Baştan beri olaydan haberi olduğunu ve dinleme yaptığını gizlemeyen FBI, Kaşıkçı`yı korumadığı gibi, şu an da soruşturma sürecine müdahil olmak istemektedir.

Suudi Arabistan yönetiminin Kaşıkçı'yı tutuklamaya yönelik önceden yaptığı planlara dair ABD'nin elde ettiği istihbaratlar, Trump yönetiminin Cemal Kaşıkçı'yı tehlikede olduğu konusunda uyarmadığı anlaşılmaktadır. ABD'de 2015'te imzalanan bir yönergeye göre, istihbarat ajanslarının kaçırılma, ciddi bir şekilde yaralanma ya da öldürülme tehlikesi bulunan kişileri uyarma yükümlülüğü var. Bu zorunluluk için söz konusu kişinin ABD vatandaşı olması şartı bulunmuyor.

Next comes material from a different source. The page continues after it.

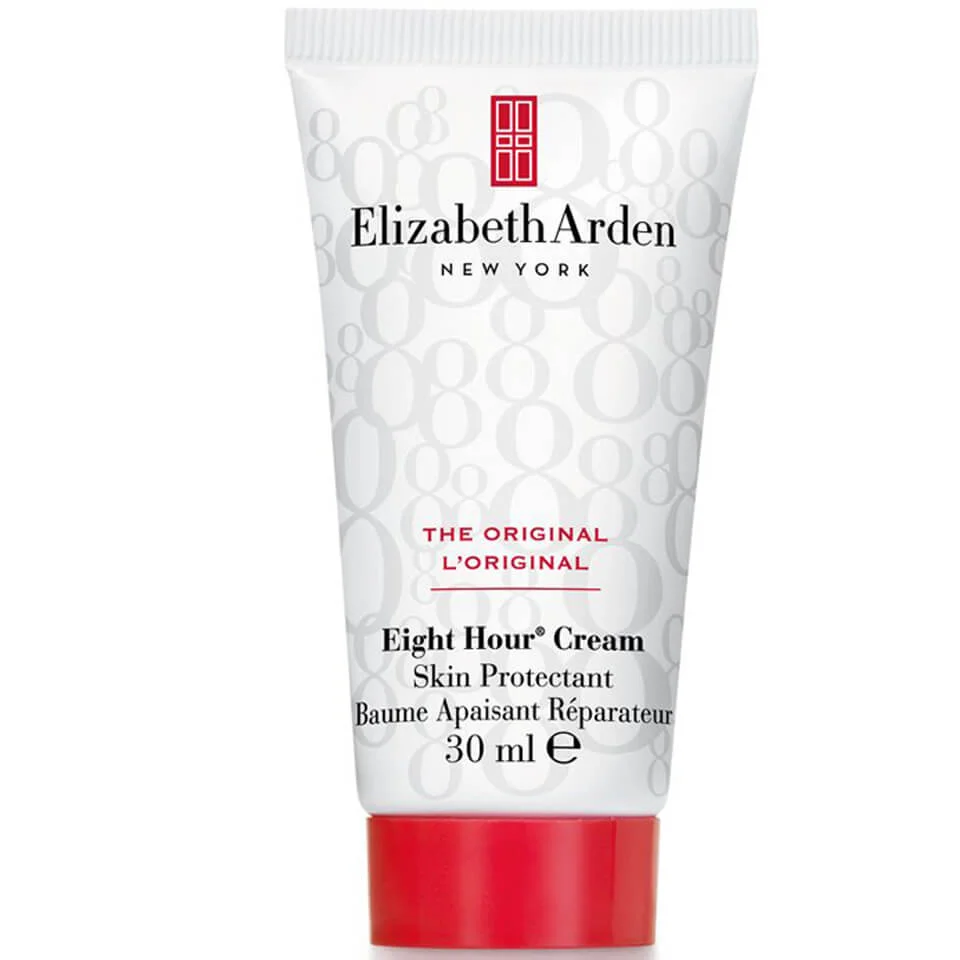 Elizabeth Arden Eight Hour Cream Skin Protectant 30ml Afbeelding 1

Adının açıklanmasını istemeyen eski bir ABD istihbaratı yetkilisi, "Kaşıkçı'nın yakalanması, tutuklanması olarak yorumlanmış ve bu nedenle uyarı zorunluluğu doğmamış olabilir ama söz konusu dinlemelerde şiddet içeren eylemler planlanmışsa evet, Kaşıkçı uyarılmalıydı." değerlendirmesinde bulundu. Uyarı sürecinden sorumlu olan Ulusal İstihbarat Direktörü Ofisi, Kaşıkçı ile bu konuda iletişime geçilip geçilmediği konusunda yorum yapmadı. Eldeki veriler ve ortadaki neticeye göre Kaşıkçı`nın uyarılmadığı bir gerçektir.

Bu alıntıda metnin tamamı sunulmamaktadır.